Вот, например: в Советской армии среди простых солдат встречаются весьма интеллигентные люди, в то время как многие командиры прямо-таки поражают своей некультурностью. Пришлось ограничиться ответом только на вторую часть его вопроса, притом объяснить это демократическим строем нашей страны, тем, что многие наши командиры — бывшие рабочие и крестьяне, получившие возможность учиться только после Октябрьской революции. Притом то, что он называет «некультурностью», не лишает людей таких достоинств, как смелость, мужество, военные способности. Я сослался на исторические примеры, и в частности, на выдающегося наполеоновского полководца маршала Нея, начавшего службу рядовым в революционных войсках.
Егоров остался очень доволен моими объяснениями. Мало того что они были, как принято выражаться, «политически выдержанными», — они также польстили ему лично. Ведь он сам начал службу солдатом и получил офицерское звание. Значит, и он еще мог уподобиться славному французскому маршалу.
Дни моего пребывания в Духнове совпали с печальным для меня событием, о котором я узнал только спустя четверть века. 14 августа 1944 года погиб мой старший брат Мстислав — во Франции, сражаясь с немцами в составе польского бронедивизиона генерала Мачека.
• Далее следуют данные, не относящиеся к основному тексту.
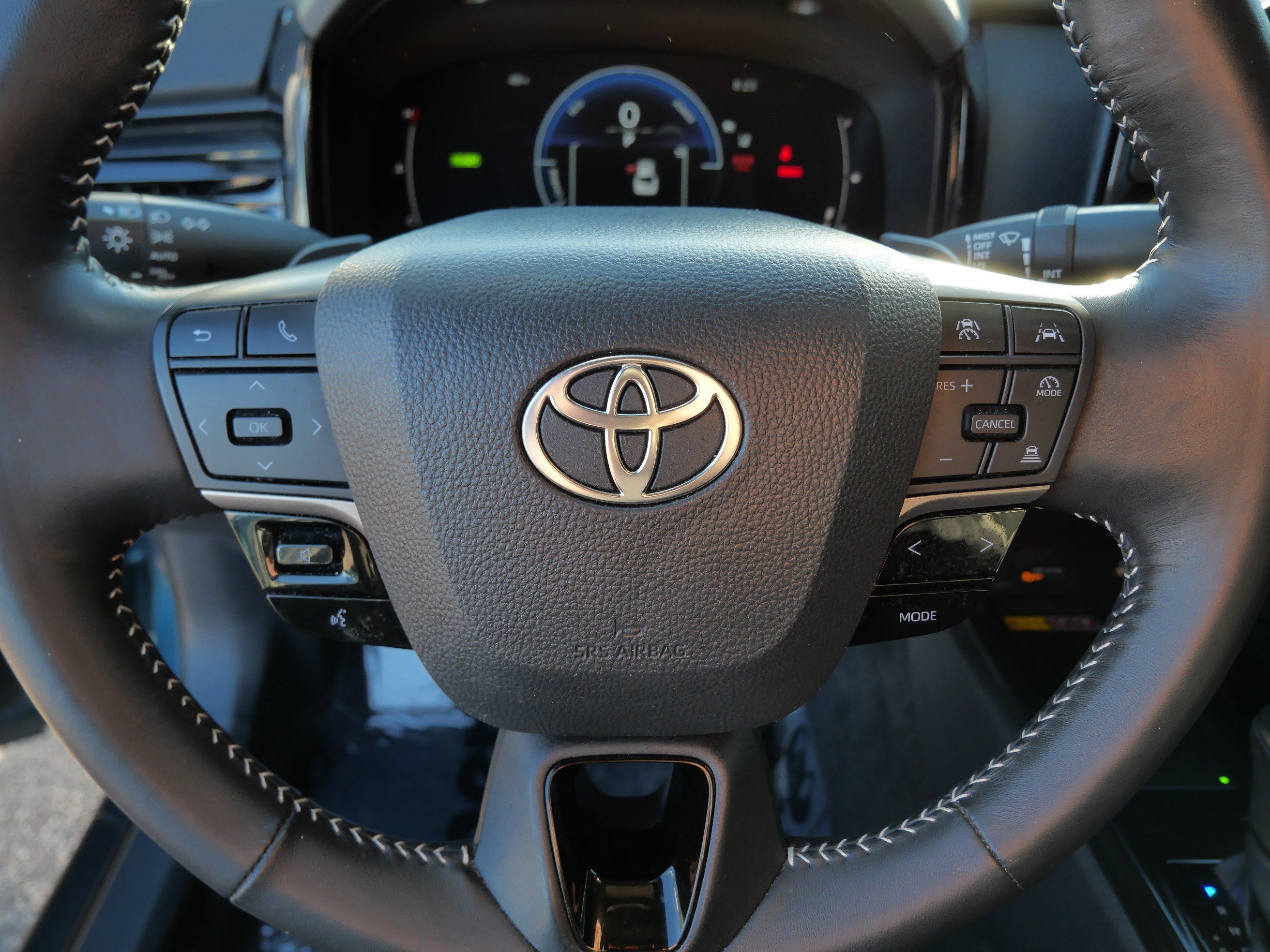 Used 2026 Toyota Camry SE w/ Convenience Package FWD image 27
Брат был убит в Нормандии, будучи канониром 1-го полка зенитной артиллерии этого дивизиона, и похоронен на поле боя. Ему было сорок с небольшим лет.
* * *
Пребывание в Духнове кончилось очень скоро. Весь взвод перевели в Седлец, где наш 13-й батальон задержался еще на некоторое время. И вдруг здесь у меня произошел приступ невероятной, безрассудной любви к Польше — настолько сильный, что я всерьез подумывал «бросить все» — то есть, собственно, дезертировать — и остаться на этой польской земле, невзирая на последствия, какие будет иметь этот отчаянный шаг[2].
Происходя из обрусевшей польской семьи, три поколения которой были русскими патриотами, беззаветно преданными своей российской родине, не зная польского языка, попав в Польшу впервые в жизни уже немолодым человеком, я не чувствовал тем не менее себя здесь иностранцем.
В нашей семье такие «атавистические» проявления обнаруживались не только у меня. Родные рассказывали, что мой отец, отдавший жизнь за Россию, в ранней молодости проявлял полонистические тенденции.
Мой старший брат Мстислав также в ранней юности «страдал полонизмом». После кризиса, который он перенес — в советское время — в отношениях со своей родиной, он перешел в католичество и нелегально эмигрировал во Францию вслед за неудачной попыткой официально перейти в польское подданство.